July: the seventh month of the year. We use its name at least 31 days a year, but do we ever stop to think about its origins? Have you ever wondered why SEPTember, OCTOber, NOVember, and DECember are not the seventh, eighth, ninth and tenth months like their prefixes would suggest?
Originally, September through December were numbered the way you would expect, but then Julius Caesar and his nephew Augustus had the calendar rearranged to create new months so that they could have the summer (the best months, in their opinion) as their own. This was done to create an association between them and the most pleasant part of the year and. Thus these months are named July after Julius, and August after Augustus.
In the readings assigned for homework, Julius Caesar is characterized as haughty and obsessed with displays of power, as seen below:
…most men suspected him of being inflated with pride and hated him for his haughtiness (Cassius Dio, Book 44.9)

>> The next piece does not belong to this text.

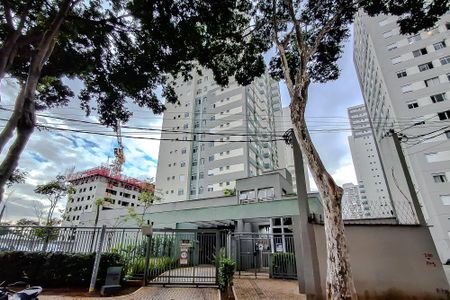Apartamento à venda com 51m², 2 quartos e 1 vagaFachada - Plaquinha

Augustus followed with a very small escort, along roads held by the enemy, after a shipwreck, too, and in a state of semi-convalescence from a serious illness. This energetic action delighted Caesar, who soon formed a high estimate of Augustus’s character (Suetonius, Life of Augustus, 8)
Julius Caesar is shown to be the kind of person to give off the impression that he is overly proud, and to be fond of someone for displaying similar traits like brash military actions. This characterization is exactly in line with the profile of someone who would fit the entire calendar to his own personal desires. He would probably love to know that we still use this system today.